Drop Dead City lingers on Beame in similar situations, the portrait of impotence with no choice but to occupy a seat of honor as the crisis raged on around him. His stoical, floating stare became the city’s signature. Sometimes he appeared to be fighting back tears. Other times he simply closed his eyes, a beatific sufferer. He was the hollow mayor of a hollowed city. Layer after layer of power was stripped from him until, in the words of a former New York Times reporter, “he was absolutely devoid of power and he knew it.” By year’s end he was reduced to a figurehead, a ribbon cutter, a greeter of dignitaries visiting the city.

Meanwhile a festering suspicion of New York among large numbers of Americans blossomed into open hatred.

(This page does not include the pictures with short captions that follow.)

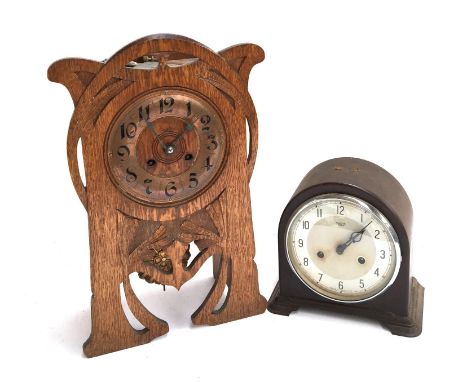 An oak cased Art Nouveau mantle clock, with key, 42cmH; together with a Smiths Enfield mantle clock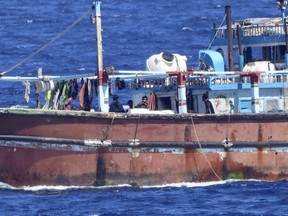 This photograph provided by the Indian Navy shows an Iranian fishing vessel named, Iman, that was hijacked by pirates after the same was intercepted by the navy off the east coast of Somalia, Monday, Jan.29, 2024. The Indian navy said Monday, it freed the vessel as well as all the 17 crew members who had been taken as hostages by the pirates. (Indian Navy via AP)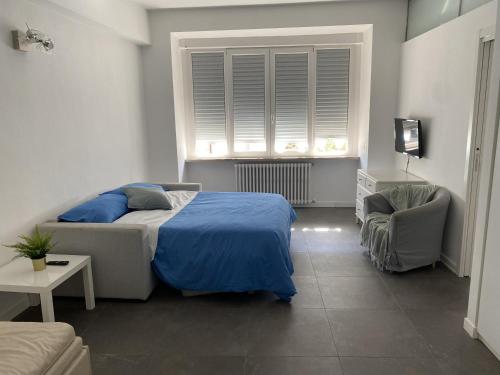 Ένα ή περισσότερα κρεβάτια σε δωμάτιο στο L'appartamento di Edo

The flaming buildings, the rising murder rate, the riots, and the camera-ready parade of prostitutes, homosexuals, immigrants, punk rockers, and black residents were living proof that liberalism had bred a nightmarish social order. Republicans hectored and belittled the city with unconcealed schadenfreude. New York was America’s Sodom. Driving across the country with New York license plates in 1975, I had to pretend at gas stations to be from upstate to dodge insults and worse.

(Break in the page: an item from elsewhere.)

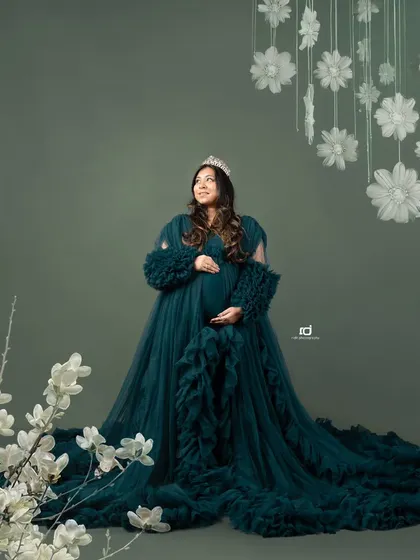 A regal portrait of a mom-to-be wearing a crown. The dramatic green gown and floral accents create a look that is both powerful and beautiful.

A month after the Daily News’ Drop Dead headline, Ford granted New York a $2.3 billion “temporary line of credit.” The city, he concluded, was too big to fail. The unions ponied up $1.5 billion from their pension funds, Albany increased taxes, jobs were slashed, and Rohatyn’s brainchild, the Municipal Assistance Corporation, made it possible to resume the selling of bonds.

Seven years later Wall Street went on an upward tear, young professionals began replacing the middle-class depletion of the Sixties and Seventies, and landlords exploited a mania for turning apartment buildings into co-ops and condos. The unions were made whole, but their influence waned. Tourists flooded back. “Fear City” was now “Fun City,” as Mayor John Lindsay had insisted it was back in 1966—for some.

The crisis emboldened antiliberals in both parties: the L-word became a poisonous label from which a new generation of Democrats recoiled. So-called public–private partnerships for new initiatives were encouraged, and the corporatization of public spaces became the new urban ideal. Credit for improvements and social amenities went to companies, not government, and the perception of who our benefactors were changed.

The crisis of 1975 intensified a view of American life that allowed Reaganomics, with its mantra of small government, to thrive. Today Republicans are peeling away basic rights and services from ordinary Americans at breakneck speed. And the popular unrest that Felix Rohatyn feared fifty years ago has become a pressing national concern.